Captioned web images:
━━━
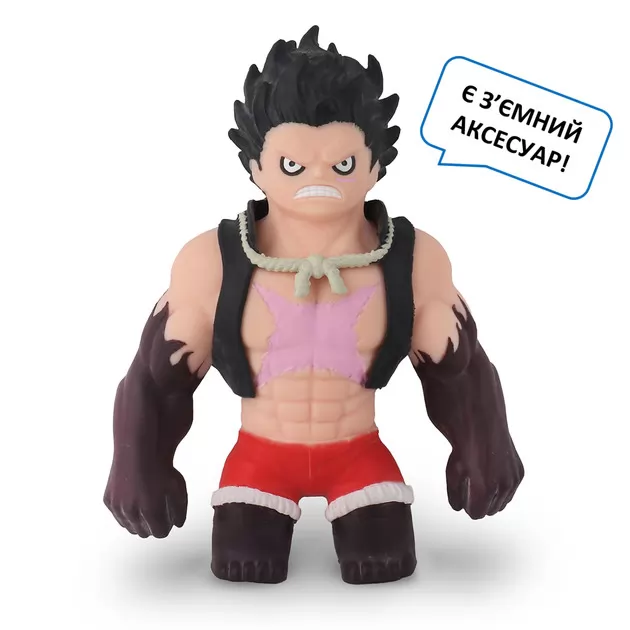 Стретч-іграшка Elastikorps серії One piece" &ndash; Луффі 4 Гір. Людина-змія"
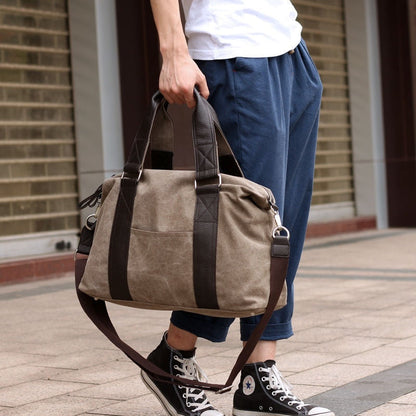 Sac de voyage rétro homme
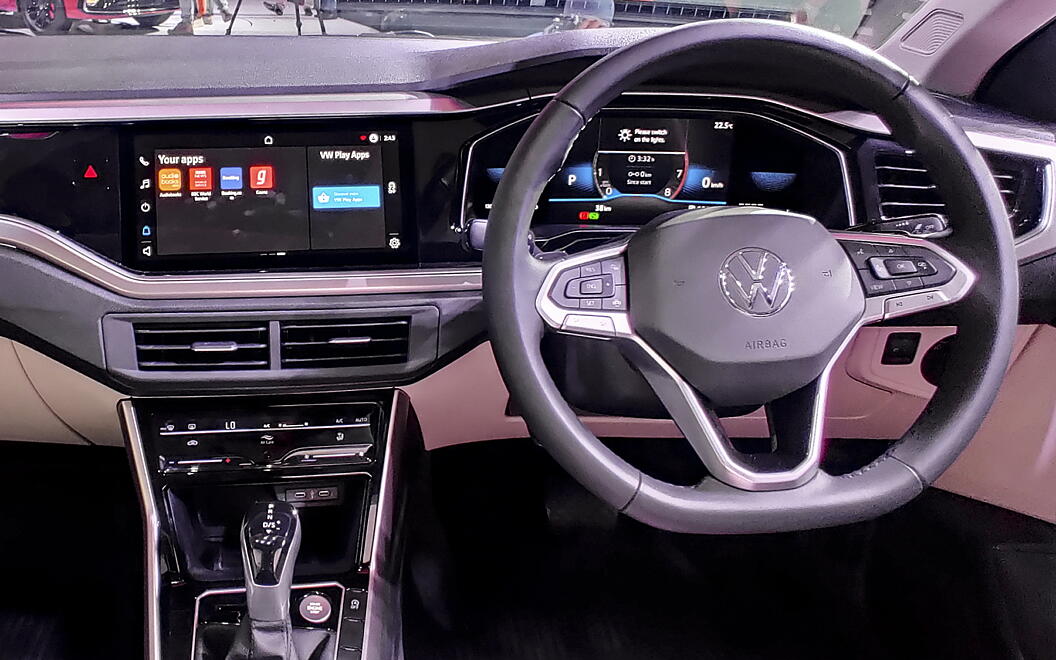 Volkswagen Virtus Steering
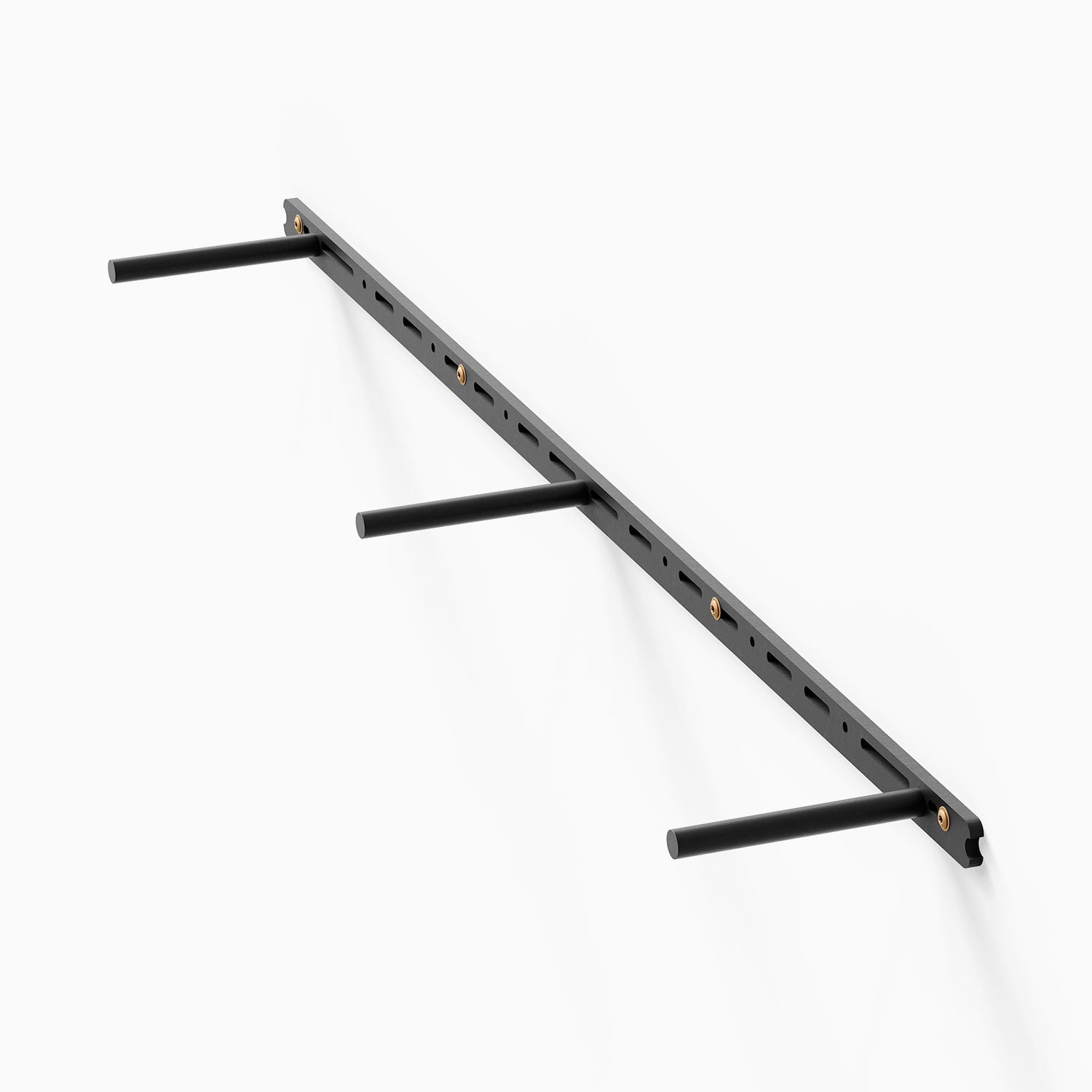 Aksel LD Floating Shelf Brackets - Heavy Duty Wall Mounted Shelf Supports for Home & Office Organization - Perfect for Living Room, Kitchen, Bathroom Storage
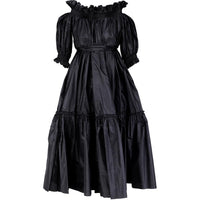DIOR Short-Sleeved Dresses Women's Black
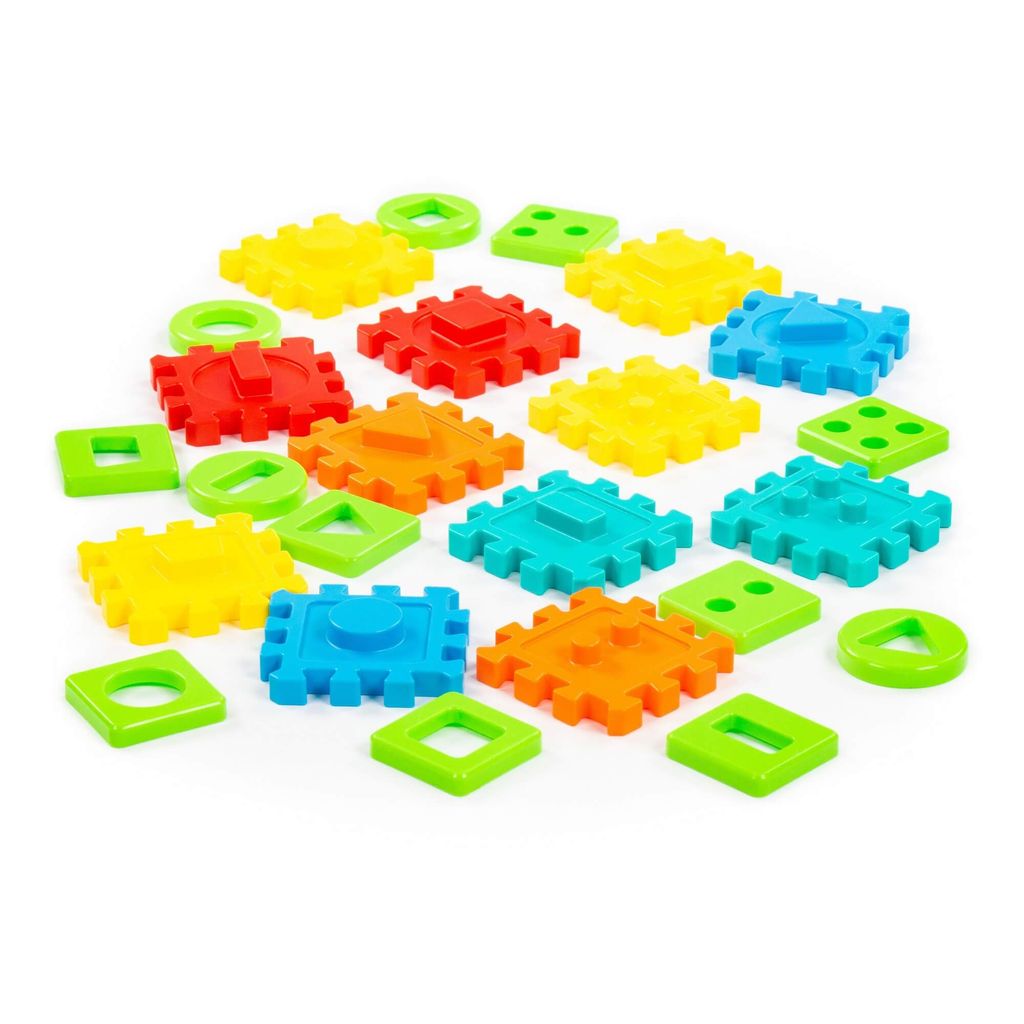 Игрушка развивающая Пазл №3 (24 элемента) (в пакете) - Полесье фото 18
━━━
The task: Return word for word the line bearing "Aksel LD Floating" and every later line of the entries, but none of the pictures.

Your solution:
 Aksel LD Floating Shelf Brackets - Heavy Duty Wall Mounted Shelf Supports for Home & Office Organization - Perfect for Living Room, Kitchen, Bathroom Storage
DIOR Short-Sleeved Dresses Women's Black
 Игрушка развивающая Пазл №3 (24 элемента) (в пакете) - Полесье фото 18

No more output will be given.